The United States Senate is Moving Forward with a $1 Trillion Infrastructure Measure

The US Senate will aim to finish work on a $1 trillion infrastructure plan this week, which would bring long-awaited improvements to roads, bridges, and mass-transit systems while also giving President Joe Biden a rare bipartisan victory.

Senate negotiators declared on Saturday and Sunday that they had finished drafting a 2,702-page measure, which was quickly introduced, clearing the path for senators to discuss changes.

“It has been decades – decades – since Congress passed such a significant, stand-alone investment,” a buoyant Senate Majority Leader Chuck Schumer said on the Senate floor.

“In the end, the bipartisan group of senators have produced a bill that will dedicate substantial resources to repair, maintain, and upgrade our nation’s physical infrastructure,” the Democratic leader added.

If passed, the bill would be the greatest investment in US infrastructure in decades.

Its ratification would be a major victory for Democratic Vice President Joe Biden and the severely divided Congress. It would follow a $1.9 trillion economic stimulus and coronavirus aid plan that was passed without Republican backing earlier this year.

It would also pave the way for Democrats to start working on a budget framework without Republican participation, including proposals for a $3.5 trillion “human infrastructure” measure.

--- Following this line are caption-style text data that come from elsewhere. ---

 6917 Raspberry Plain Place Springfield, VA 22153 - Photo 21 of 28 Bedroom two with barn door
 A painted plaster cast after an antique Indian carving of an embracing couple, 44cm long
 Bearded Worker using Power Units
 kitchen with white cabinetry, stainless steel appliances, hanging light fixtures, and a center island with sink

That bill would devote government funds to combating climate change, assisting millions of immigrants in obtaining legal status, and expanding healthcare, particularly for senior folks who require assistance at home.

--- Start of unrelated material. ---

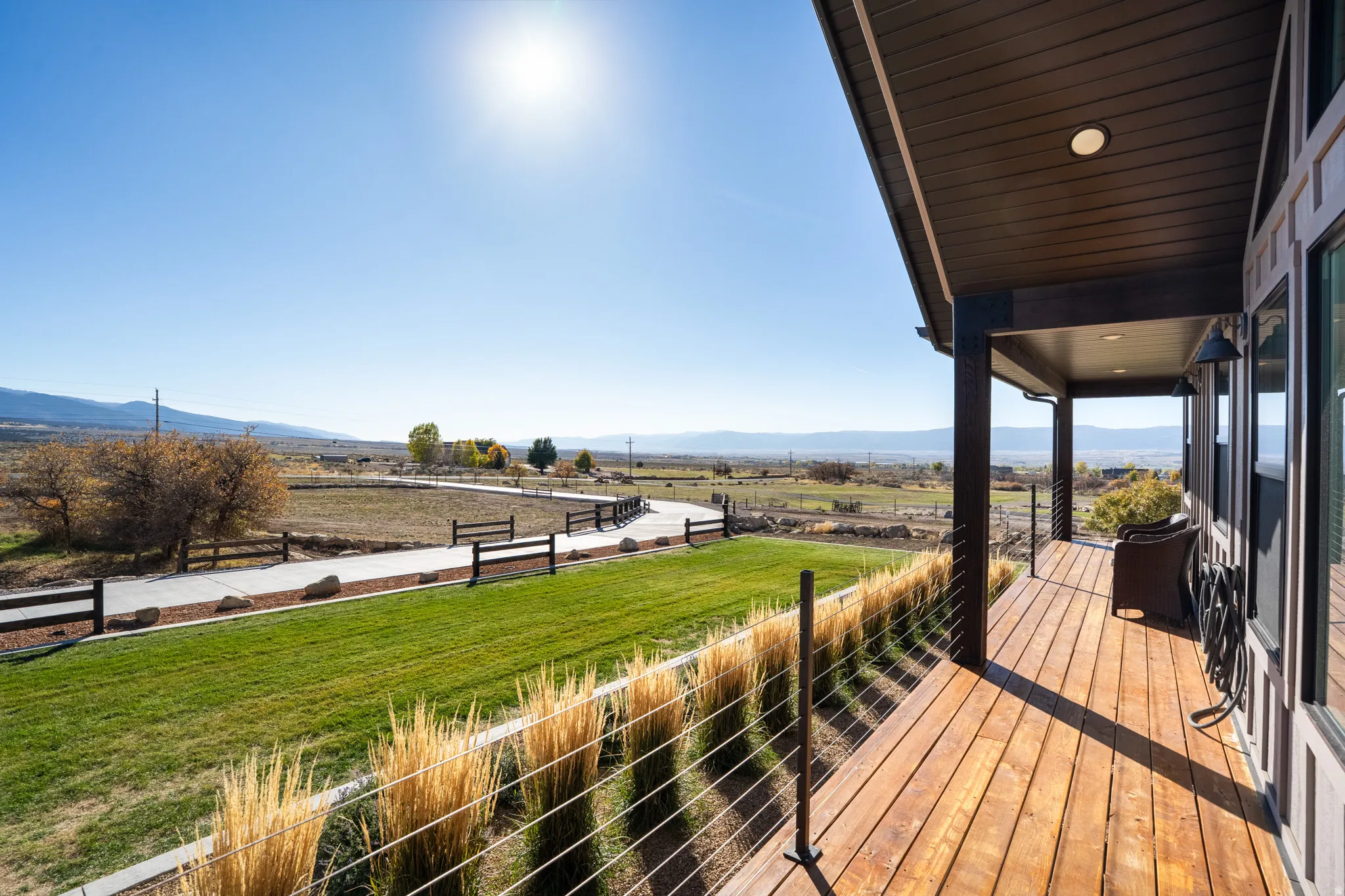 Wooden terrace featuring a rural view, a mountain view, and a lawn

The Senate must first complete the infrastructure bill, which intends to rebuild the country’s aging roads, bridges, and train lines, as well as increase high-speed internet connection to rural areas where economies have been hampered by outdated technology.

The bill would also aid in the development of a national network of electric vehicle charging stations and the replacement of lead water pipes, though at lower levels than Biden had requested.

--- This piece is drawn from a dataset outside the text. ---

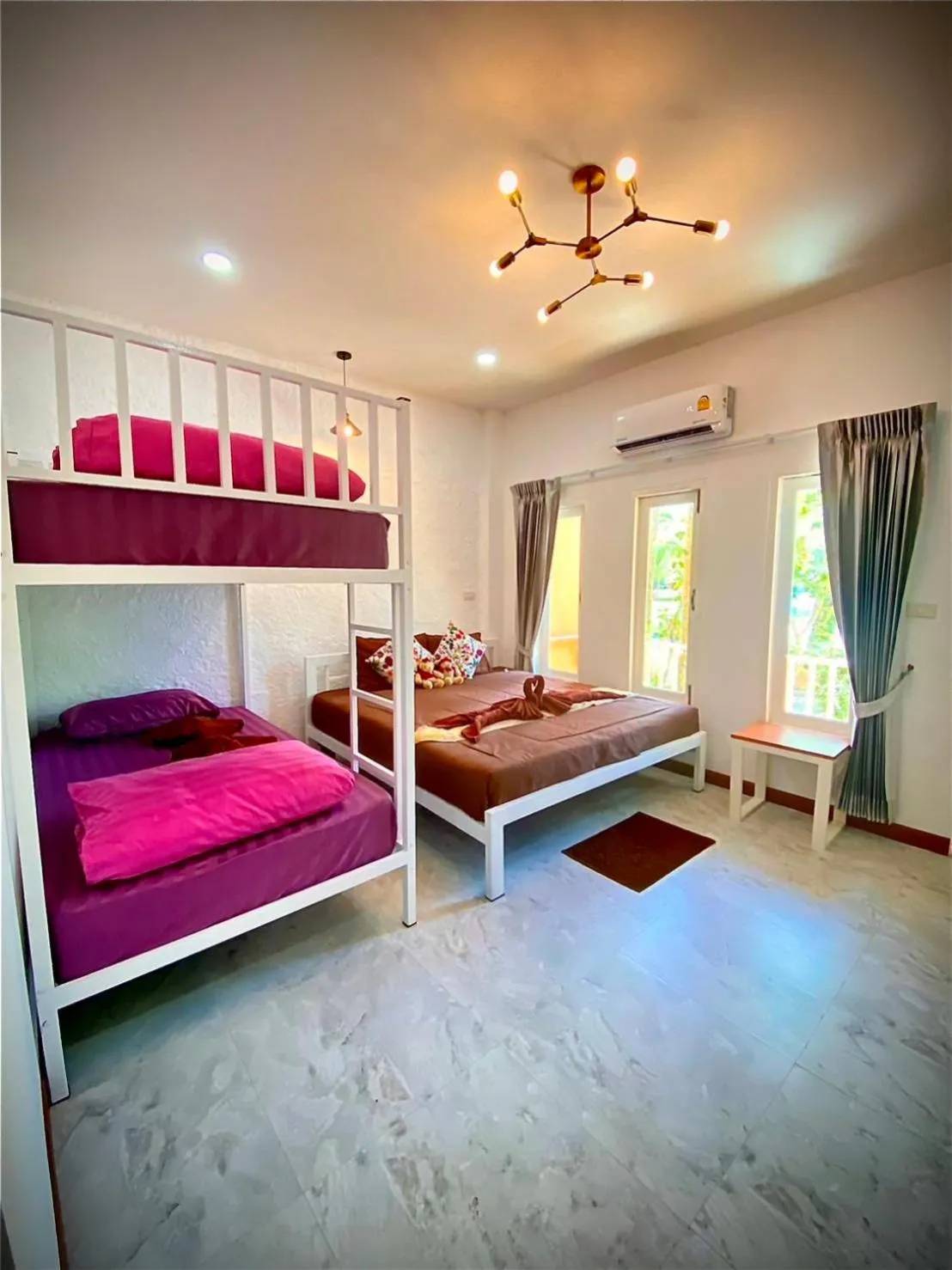 Bed in Trang Oasis Waterpark Hotel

Three Republican senators — John Cornyn, Rick Scott, and Martha Blackburn – blasted the infrastructure package on Monday, claiming they didn’t have enough time to review it and objecting to one of its funding mechanisms.

“The Democrats are rushing [through] an infrastructure bill that no one has had a chance to read,” Blackburn said in a post on Twitter. None of those three Republican senators had backed the bill in earlier procedural votes.

On Monday, US Senate Minority Leader Mitch McConnell advised Democrats against placing any artificial deadline on the bill, noting that it would require a robust amendment process to be considered.